AARNEWS - December 2002

ASSOCIATION FOR AUTOMATED REASONING

NEWSLETTER

No. 57, December 2002

Contents

From the AAR President
Results of the CADE Trustee Elections 2002
Call for Papers for Conferences

  • CADE-19
  • RTA'03
  • CAV 2003
  • LICS 2003
  • TABLEAUX 2003
  • TPHOLs 2003

  • Book Announcement
    Call for Papers for Special Journal Issues
  • Logic, Mathematics and Computer Science: Interactions
  • Modalities in Constructive Logics and Type Theories
  • Automated Reasoning and Theorem Proving in Education
  • Open Position - Research Fellow

    From the AAR President, Larry Wos...

    I encourage the newly elected CADE trustees to work hard at promoting automated reasoning; in particular, I hope that they will encourage their colleagues to use the AAR Newsletter as a forum for discussion about our field and as a mechanism for presenting challenging problems and open questions.

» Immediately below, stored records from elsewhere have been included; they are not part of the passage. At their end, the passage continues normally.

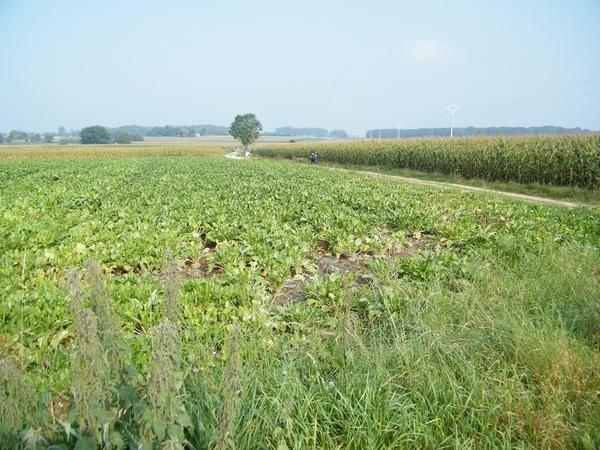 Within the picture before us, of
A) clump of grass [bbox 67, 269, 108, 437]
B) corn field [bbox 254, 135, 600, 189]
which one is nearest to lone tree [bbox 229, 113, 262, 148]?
corn field [bbox 254, 135, 600, 189]

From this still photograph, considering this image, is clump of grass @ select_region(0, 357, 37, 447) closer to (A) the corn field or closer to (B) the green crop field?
(B) the green crop field

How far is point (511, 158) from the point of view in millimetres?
21266

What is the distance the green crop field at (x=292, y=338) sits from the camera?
1.83 meters

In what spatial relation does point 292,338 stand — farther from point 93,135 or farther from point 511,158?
point 93,135

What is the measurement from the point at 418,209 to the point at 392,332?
6.09 m

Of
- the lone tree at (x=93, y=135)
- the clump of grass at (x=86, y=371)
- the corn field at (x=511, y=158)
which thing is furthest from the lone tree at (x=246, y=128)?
the clump of grass at (x=86, y=371)

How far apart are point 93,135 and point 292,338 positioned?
13211 centimetres

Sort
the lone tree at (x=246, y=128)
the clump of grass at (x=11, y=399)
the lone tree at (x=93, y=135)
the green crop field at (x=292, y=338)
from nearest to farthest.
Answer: the clump of grass at (x=11, y=399)
the green crop field at (x=292, y=338)
the lone tree at (x=246, y=128)
the lone tree at (x=93, y=135)

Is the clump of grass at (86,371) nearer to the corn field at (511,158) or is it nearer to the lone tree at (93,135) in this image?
the corn field at (511,158)

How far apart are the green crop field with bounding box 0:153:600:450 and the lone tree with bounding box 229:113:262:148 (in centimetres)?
10435

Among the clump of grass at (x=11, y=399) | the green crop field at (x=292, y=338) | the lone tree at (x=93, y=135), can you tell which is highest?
the lone tree at (x=93, y=135)

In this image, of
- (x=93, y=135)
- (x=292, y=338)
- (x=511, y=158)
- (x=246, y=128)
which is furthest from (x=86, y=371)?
(x=93, y=135)

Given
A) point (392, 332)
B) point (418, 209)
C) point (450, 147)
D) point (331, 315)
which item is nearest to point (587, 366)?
point (392, 332)

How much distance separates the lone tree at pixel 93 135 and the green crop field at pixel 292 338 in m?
126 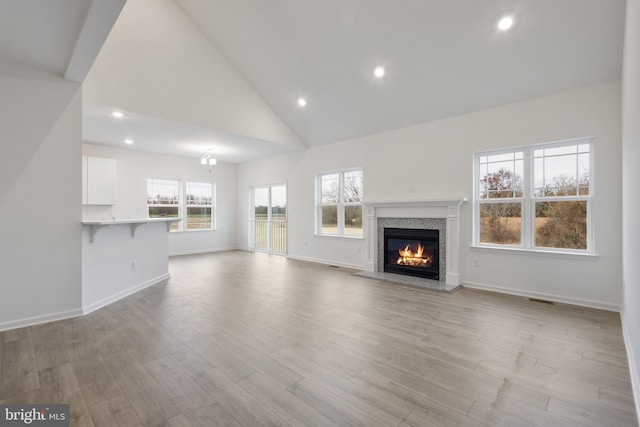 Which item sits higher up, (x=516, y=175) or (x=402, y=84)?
(x=402, y=84)

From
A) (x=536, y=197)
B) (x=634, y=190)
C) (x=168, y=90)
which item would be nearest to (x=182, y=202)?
(x=168, y=90)

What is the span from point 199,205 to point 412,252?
20.9ft

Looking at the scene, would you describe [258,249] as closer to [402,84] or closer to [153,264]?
[153,264]

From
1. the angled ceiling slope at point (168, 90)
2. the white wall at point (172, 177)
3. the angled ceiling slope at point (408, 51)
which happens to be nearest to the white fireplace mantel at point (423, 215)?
the angled ceiling slope at point (408, 51)

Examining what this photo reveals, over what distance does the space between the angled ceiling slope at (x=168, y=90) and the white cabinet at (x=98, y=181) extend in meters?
0.51

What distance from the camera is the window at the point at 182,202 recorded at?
785 cm

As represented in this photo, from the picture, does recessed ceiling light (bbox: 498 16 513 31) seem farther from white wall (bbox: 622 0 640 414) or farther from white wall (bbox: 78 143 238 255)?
white wall (bbox: 78 143 238 255)

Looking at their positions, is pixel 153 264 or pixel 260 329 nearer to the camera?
pixel 260 329

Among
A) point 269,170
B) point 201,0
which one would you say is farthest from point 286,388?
point 269,170

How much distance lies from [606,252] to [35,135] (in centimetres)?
691

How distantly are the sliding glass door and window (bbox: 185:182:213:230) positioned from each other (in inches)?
50.5

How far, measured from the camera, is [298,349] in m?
2.65

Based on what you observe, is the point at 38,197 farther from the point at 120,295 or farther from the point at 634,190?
the point at 634,190

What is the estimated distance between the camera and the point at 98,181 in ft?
20.7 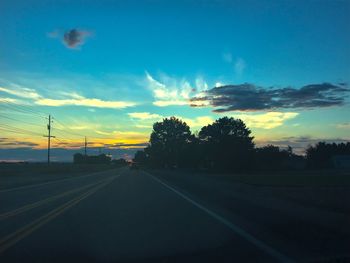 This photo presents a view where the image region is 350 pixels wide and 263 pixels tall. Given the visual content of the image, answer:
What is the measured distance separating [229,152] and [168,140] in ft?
200

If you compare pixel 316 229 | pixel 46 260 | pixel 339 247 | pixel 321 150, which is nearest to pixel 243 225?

    Results of the CADE Trustee Elections 2002

    Maria Paola Bonacina
    (Secretary of AAR and CADE)
    E-mail: mariapaola.bonacina@univr.it

    An election was held from 19 September through 6 October 2002 to fill three positions on the board of trustees of CADE Inc. Two positions were left vacant by Harald Ganzinger and David Plaisted, whose terms expired, and a third one was created to complete the implementation of the amendment approved in the summer of 2000 to increase the number of trustees from nine to twelve (see AAR Newsletter No. 48, August 2000). Harald Ganzinger, Jean Goubault-Larrecq, Reinhold Letz, Andrei Voronkov and Toby Walsh were nominated for these positions (see AAR Newsletter No. 56, September 2002).

    Ballots were sent by electronic mail to all members of AAR as of the 19th of September, for a total of 566 ballots (up from 548 in 2001, 445 in 2000 and 396 in 1999). Of these, 149 were returned with a vote, representing a participation level of 26.3% (up from 22.5% in 2001 and 24.5% in 2000 and down from 30% in 1999). The majority is 50% of the votes plus 1, hence 75.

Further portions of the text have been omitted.